# Putting food in water?



## Nick (Aug 13, 2013)

So we have had no problems with our hedgehog (aside from him refusing to use his litter pan, and throwing the cedar wood chips everywhere) but this morning I woke up to find his water bowl full of wet soggy food. Why is he doing this? He constantly has fresh water, always has food available, and is getting the nutritional values he needs in his diet. We feed him blue wilderness chicken flavor dry cat food, and give him a couple mealworms every couple of days. Any help is greatly appreciated.


----------



## nikki (Aug 28, 2008)

He might be doing this to make the food easier to chew or for no reason at all. Try moving the dishes further apart and see if that helps. On another note, cedar is very dangerous and shouldn't be used. The oils in the cedar that make it smell so nice is very dangerous for the lungs of small animals. If you want to continue to use wood shavings you can use aspen or kiln dried pine.


----------



## sweetergrrrl (May 5, 2009)

Ahhhh Monkey D Luffy! I named a rescue hedgie I had, Namine. lol One Piece.


----------



## verucacherry (Jun 18, 2013)

how big is that kibble? Could he be doing it to softened it up and make it easier to eat if the pieces are large, or does he have any issues with his teeth?


----------



## SouthernSweet (Jul 25, 2012)

What kind of bowls do you have the food and water in?

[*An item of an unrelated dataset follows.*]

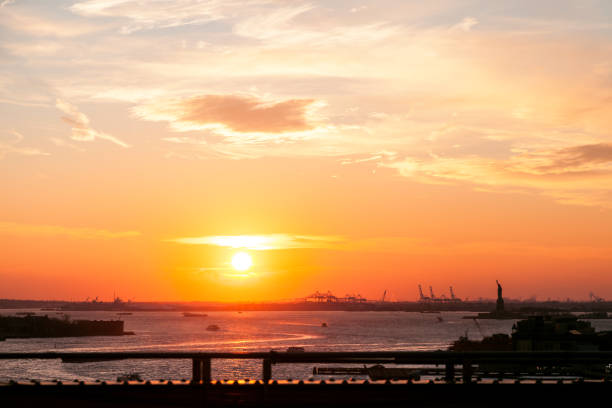 istock Sunset over east river in New York City 949053298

(I like Hagen's ergonomic ceramic bowls to prevent mixing and spilling and general messes)


----------



## Chloethehedgie7 (Jul 24, 2013)

I would try moving the food bowl away from the water. They like to do stuff like that. Lol, their funny about keeping their cage clean


----------



## Nick (Aug 13, 2013)

Thanks I will try to move the food and water bowls apart from each other, and I will change the wood chips in his litter pan. There are no problems with his teeth as far as I know, and he has had no problems chewing the food. If there are any more problems I will post again on this thread. 

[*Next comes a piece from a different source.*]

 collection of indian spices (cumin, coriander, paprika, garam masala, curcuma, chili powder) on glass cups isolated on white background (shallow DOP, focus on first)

Once again, thank you all for your suggestions and advice!


----------



## Mel_W (Apr 26, 2013)

Chloethehedgie7 said:


> I would try moving the food bowl away from the water. They like to do stuff like that. Lol, their funny about keeping their cage clean


Chloethehedgie, it is difficult to read with blue highlighter against th blue background, if you like using the highlighters a purple or pink is much easier to read or you can use the normal black. Thank you


----------